Technical Abstract: Diagnosis of acute bovine besnoitiosis is a major diagnostic problem. We developed diagnostic tests to serologically diagnose and differentiate acute and chronic cases of bovine besnoitiosis using affinity purified antigens of Besnoitia besnoiti tachyzoites in immunoblots and in both, a conventional ELISA and an avidity ELISA. Sera of acutely and chronically infected cattle were investigated using these tests. Acutely infected cattle initially recognized an antigen of 74 kDa relative molecular mass, followed by reactions with increasing intensity against 81 and 28 kDa antigens. In addition, faint reactions against antigens with 36, 37, 39 and 42 kDa molecular mass started soon after seroconversion and increased over time. An antigen of 45 kDa molecular mass was transiently recognized early after infection but not or only weakly in the chronic stage. At least two antigens, the 39 and the 42 kDa antigens, seem to be located on the surface of B. besnoiti tachyzoites as determined by biotinylation.
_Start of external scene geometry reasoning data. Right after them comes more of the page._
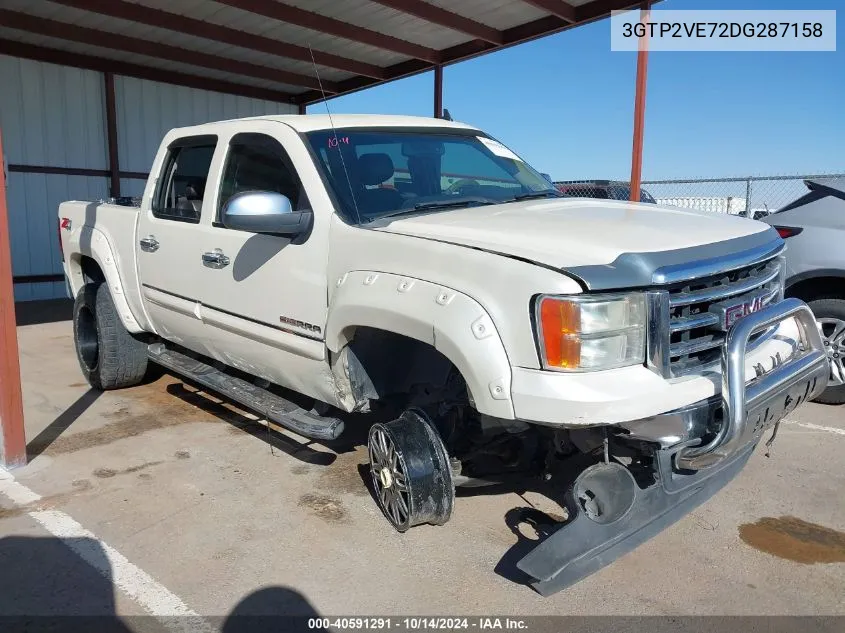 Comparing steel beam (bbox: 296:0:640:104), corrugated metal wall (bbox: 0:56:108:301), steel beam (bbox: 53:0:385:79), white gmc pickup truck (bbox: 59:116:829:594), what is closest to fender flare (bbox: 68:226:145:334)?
white gmc pickup truck (bbox: 59:116:829:594)

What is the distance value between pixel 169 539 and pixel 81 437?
1869 mm

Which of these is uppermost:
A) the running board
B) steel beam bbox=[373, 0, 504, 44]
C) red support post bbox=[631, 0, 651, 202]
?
steel beam bbox=[373, 0, 504, 44]

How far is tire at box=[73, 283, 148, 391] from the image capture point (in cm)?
557

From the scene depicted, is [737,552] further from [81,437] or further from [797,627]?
[81,437]

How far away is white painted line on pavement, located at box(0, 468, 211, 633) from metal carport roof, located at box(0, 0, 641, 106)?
23.0 ft

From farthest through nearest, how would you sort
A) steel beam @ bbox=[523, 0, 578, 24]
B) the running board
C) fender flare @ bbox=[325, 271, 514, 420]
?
steel beam @ bbox=[523, 0, 578, 24], the running board, fender flare @ bbox=[325, 271, 514, 420]

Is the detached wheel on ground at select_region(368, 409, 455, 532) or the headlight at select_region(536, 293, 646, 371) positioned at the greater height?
the headlight at select_region(536, 293, 646, 371)

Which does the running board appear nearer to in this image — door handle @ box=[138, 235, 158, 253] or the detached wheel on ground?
the detached wheel on ground

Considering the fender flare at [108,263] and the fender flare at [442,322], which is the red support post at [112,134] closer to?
the fender flare at [108,263]

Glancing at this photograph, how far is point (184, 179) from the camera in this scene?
194 inches

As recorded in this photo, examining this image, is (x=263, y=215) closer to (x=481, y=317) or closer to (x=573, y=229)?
(x=481, y=317)

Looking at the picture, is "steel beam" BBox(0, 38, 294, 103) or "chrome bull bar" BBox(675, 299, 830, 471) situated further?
"steel beam" BBox(0, 38, 294, 103)

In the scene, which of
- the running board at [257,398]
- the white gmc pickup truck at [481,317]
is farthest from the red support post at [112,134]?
the white gmc pickup truck at [481,317]

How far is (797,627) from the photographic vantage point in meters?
2.69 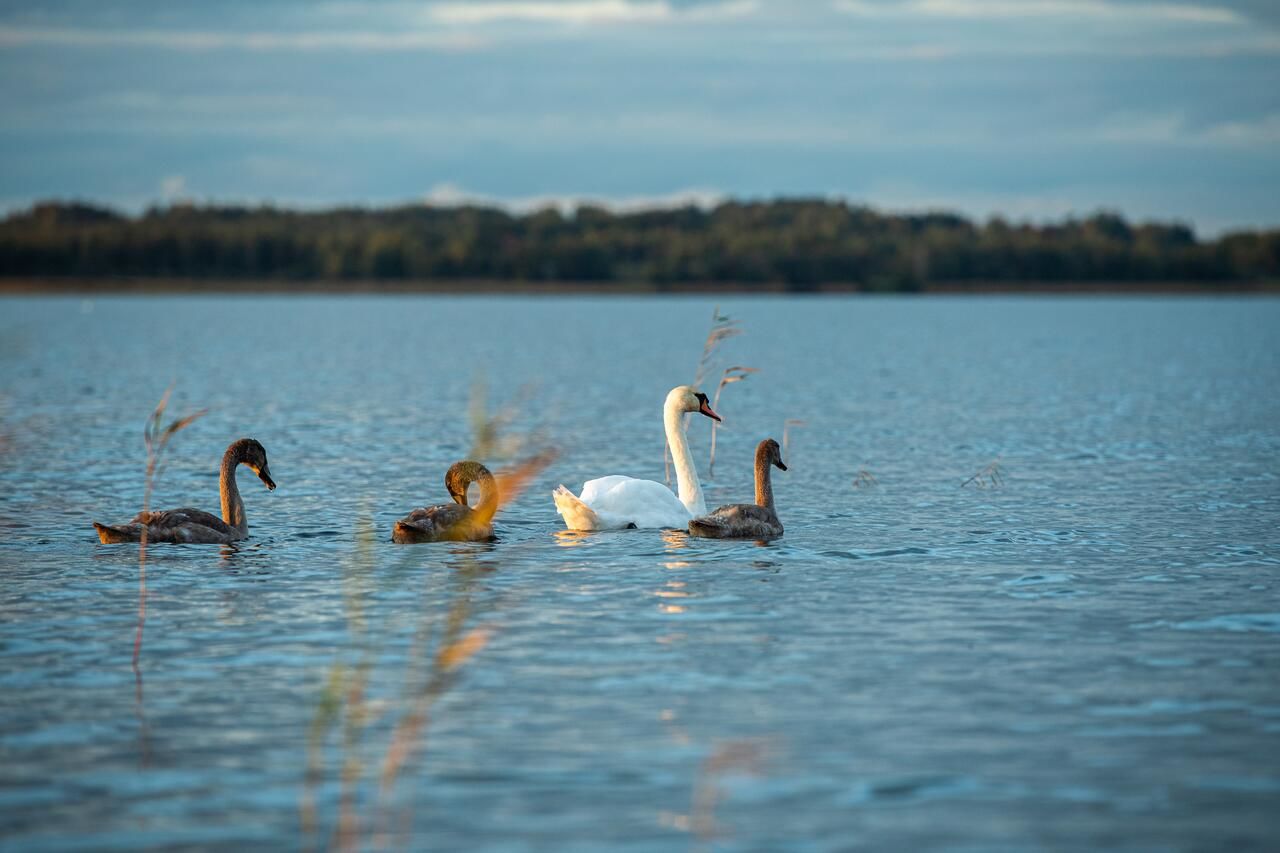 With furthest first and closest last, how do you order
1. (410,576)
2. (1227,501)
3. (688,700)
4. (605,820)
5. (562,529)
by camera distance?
(1227,501) < (562,529) < (410,576) < (688,700) < (605,820)

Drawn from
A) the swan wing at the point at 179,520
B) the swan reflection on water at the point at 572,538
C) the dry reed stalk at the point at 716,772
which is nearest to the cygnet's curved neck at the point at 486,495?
the swan reflection on water at the point at 572,538

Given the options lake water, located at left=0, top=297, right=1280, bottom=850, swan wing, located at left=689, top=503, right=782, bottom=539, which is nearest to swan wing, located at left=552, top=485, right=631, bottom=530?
lake water, located at left=0, top=297, right=1280, bottom=850

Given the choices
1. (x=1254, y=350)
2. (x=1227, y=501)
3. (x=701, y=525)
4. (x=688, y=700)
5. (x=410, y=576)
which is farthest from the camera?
(x=1254, y=350)

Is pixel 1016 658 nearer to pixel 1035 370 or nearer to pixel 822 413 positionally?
pixel 822 413

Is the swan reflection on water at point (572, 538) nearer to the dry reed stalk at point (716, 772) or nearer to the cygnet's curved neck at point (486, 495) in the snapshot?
the cygnet's curved neck at point (486, 495)

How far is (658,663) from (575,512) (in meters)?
6.38

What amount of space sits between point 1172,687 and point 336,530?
10.4 m

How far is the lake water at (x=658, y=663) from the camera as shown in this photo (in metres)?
8.88

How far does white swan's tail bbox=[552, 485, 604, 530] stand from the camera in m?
18.4

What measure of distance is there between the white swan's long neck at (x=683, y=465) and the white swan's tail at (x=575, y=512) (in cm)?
120

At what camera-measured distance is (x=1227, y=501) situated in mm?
21562

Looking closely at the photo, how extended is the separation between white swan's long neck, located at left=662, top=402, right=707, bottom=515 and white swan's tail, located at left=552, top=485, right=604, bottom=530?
1.20 metres

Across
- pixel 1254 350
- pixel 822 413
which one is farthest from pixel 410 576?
pixel 1254 350

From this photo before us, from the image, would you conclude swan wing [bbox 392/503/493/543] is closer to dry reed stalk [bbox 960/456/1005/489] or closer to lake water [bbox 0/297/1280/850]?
lake water [bbox 0/297/1280/850] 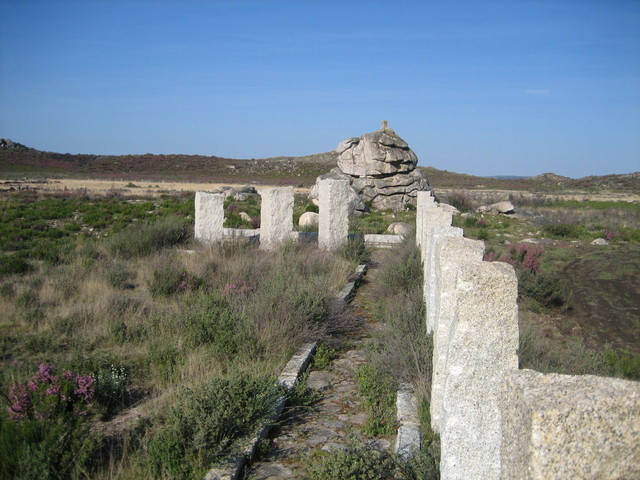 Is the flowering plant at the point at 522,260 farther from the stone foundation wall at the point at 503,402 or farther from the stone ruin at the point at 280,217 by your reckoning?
the stone foundation wall at the point at 503,402

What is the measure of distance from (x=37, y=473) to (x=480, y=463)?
2.61 m

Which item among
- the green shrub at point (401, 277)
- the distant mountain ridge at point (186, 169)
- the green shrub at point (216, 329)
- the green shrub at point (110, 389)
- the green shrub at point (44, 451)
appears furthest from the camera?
the distant mountain ridge at point (186, 169)

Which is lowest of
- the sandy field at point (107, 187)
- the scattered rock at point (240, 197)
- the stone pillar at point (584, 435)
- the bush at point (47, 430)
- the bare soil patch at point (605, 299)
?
the bare soil patch at point (605, 299)

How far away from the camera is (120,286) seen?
9.02 metres

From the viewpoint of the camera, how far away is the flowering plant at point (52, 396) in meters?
3.88

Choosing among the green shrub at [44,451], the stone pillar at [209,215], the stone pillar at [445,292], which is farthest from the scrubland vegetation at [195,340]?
the stone pillar at [209,215]

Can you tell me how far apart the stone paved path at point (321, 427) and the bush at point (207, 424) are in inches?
9.8

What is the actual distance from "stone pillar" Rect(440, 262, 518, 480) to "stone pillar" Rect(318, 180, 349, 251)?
935cm

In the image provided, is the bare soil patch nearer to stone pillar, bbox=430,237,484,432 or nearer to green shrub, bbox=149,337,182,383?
stone pillar, bbox=430,237,484,432

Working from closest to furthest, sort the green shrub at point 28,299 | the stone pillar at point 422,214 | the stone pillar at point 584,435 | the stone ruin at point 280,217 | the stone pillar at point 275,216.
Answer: the stone pillar at point 584,435, the green shrub at point 28,299, the stone pillar at point 422,214, the stone pillar at point 275,216, the stone ruin at point 280,217

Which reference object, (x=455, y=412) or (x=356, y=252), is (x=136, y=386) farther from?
(x=356, y=252)

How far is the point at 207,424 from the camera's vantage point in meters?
3.75

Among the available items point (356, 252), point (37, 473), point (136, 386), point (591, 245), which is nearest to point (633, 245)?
point (591, 245)

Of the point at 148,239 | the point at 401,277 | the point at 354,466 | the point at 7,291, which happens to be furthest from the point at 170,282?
the point at 354,466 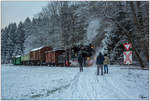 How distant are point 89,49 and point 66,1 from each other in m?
11.8

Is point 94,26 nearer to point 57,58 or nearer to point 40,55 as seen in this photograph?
point 57,58

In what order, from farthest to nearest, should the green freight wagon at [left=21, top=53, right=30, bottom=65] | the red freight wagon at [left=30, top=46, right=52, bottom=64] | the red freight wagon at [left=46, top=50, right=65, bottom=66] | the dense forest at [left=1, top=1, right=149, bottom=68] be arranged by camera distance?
the green freight wagon at [left=21, top=53, right=30, bottom=65] < the red freight wagon at [left=30, top=46, right=52, bottom=64] < the red freight wagon at [left=46, top=50, right=65, bottom=66] < the dense forest at [left=1, top=1, right=149, bottom=68]

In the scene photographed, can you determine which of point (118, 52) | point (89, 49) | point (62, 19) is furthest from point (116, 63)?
point (62, 19)

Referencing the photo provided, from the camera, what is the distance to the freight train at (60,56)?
28381 mm

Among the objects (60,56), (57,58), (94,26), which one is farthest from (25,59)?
(94,26)

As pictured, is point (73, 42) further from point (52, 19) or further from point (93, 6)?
point (93, 6)

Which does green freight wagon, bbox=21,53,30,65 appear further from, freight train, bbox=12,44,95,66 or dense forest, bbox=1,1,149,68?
dense forest, bbox=1,1,149,68

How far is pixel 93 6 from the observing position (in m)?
15.1

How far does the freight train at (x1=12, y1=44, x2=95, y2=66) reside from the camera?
28.4 metres

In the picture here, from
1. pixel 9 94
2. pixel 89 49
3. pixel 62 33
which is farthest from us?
pixel 89 49

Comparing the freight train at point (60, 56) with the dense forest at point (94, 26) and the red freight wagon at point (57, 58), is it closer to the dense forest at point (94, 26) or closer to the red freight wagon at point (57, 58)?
the red freight wagon at point (57, 58)

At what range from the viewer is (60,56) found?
94.8 ft

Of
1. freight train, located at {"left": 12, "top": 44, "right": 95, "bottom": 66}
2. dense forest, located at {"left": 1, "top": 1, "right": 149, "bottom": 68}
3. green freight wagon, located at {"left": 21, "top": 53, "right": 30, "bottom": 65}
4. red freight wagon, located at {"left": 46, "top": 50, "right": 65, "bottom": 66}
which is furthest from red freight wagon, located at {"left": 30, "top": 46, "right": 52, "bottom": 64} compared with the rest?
green freight wagon, located at {"left": 21, "top": 53, "right": 30, "bottom": 65}

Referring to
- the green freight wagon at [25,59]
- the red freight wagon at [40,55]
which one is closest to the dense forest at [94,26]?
the red freight wagon at [40,55] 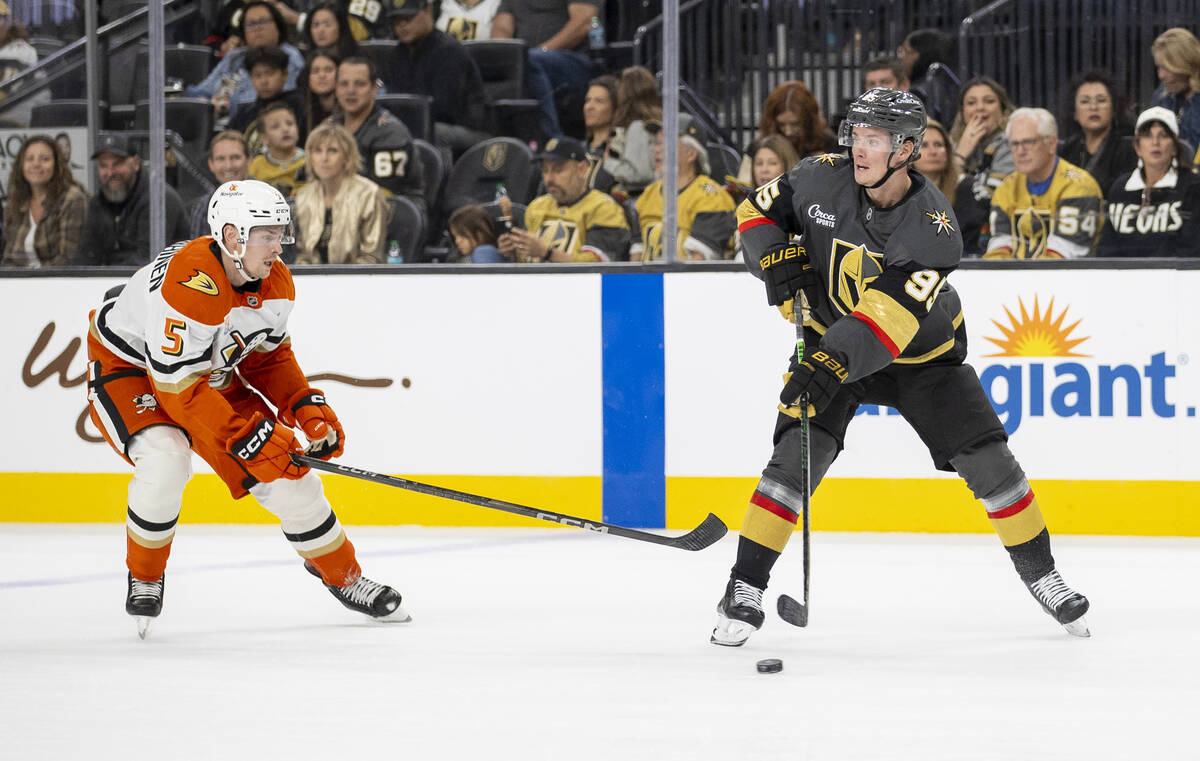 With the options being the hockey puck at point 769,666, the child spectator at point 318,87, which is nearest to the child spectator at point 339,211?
the child spectator at point 318,87

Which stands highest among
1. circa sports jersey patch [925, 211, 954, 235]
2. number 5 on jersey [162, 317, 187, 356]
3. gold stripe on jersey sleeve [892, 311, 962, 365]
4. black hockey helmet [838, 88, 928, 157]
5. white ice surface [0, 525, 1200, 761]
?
black hockey helmet [838, 88, 928, 157]

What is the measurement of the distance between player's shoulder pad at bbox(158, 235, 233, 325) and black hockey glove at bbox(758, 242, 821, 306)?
119 centimetres

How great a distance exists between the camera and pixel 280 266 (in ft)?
11.4

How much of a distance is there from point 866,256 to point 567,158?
239cm

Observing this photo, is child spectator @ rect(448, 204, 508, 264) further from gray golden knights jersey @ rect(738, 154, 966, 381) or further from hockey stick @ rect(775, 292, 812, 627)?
hockey stick @ rect(775, 292, 812, 627)

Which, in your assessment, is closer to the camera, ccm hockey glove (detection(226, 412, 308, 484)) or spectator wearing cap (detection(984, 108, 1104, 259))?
ccm hockey glove (detection(226, 412, 308, 484))

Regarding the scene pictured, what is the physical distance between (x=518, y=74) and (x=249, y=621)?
3170 mm

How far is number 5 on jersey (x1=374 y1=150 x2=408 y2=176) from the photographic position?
5555mm

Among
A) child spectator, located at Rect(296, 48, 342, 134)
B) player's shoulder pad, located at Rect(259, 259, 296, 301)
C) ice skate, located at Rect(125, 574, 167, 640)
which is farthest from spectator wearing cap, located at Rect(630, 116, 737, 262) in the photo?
ice skate, located at Rect(125, 574, 167, 640)

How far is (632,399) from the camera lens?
5.02 m

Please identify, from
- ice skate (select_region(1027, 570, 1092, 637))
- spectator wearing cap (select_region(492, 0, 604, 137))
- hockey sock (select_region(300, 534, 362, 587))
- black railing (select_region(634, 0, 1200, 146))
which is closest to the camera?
ice skate (select_region(1027, 570, 1092, 637))

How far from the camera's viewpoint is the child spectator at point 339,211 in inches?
208

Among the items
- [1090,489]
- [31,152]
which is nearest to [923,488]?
[1090,489]

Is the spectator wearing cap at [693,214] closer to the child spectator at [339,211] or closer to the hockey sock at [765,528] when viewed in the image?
the child spectator at [339,211]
Affinity purified antigen was used to establish an APure-BbELISA which showed excellent sensitivity (100%) relative to a serological reference system in naturally, most likely chronically, infected cattle. Specificity was also high (99.8%) as determined in cattle from herds with Neospora caninum-associated abortions. The antibody levels in APure-BbELISA were correlated with the parasite load in the skin or the mucous membrane of the vestibulum vaginae as determined by real-time PCR. In acute cases of bovine besnoitiosis (confirmed by the detection of low avidity IgG in the APure-BbELISA) first specific antibodies were detected by ELISA in all animals except one, at the same time or earlier than in the serological reference system. The detection of parasite DNA in skin by real-time PCR was clearly superior to serological analysis in detecting infected cattle during acute besnoitiosis.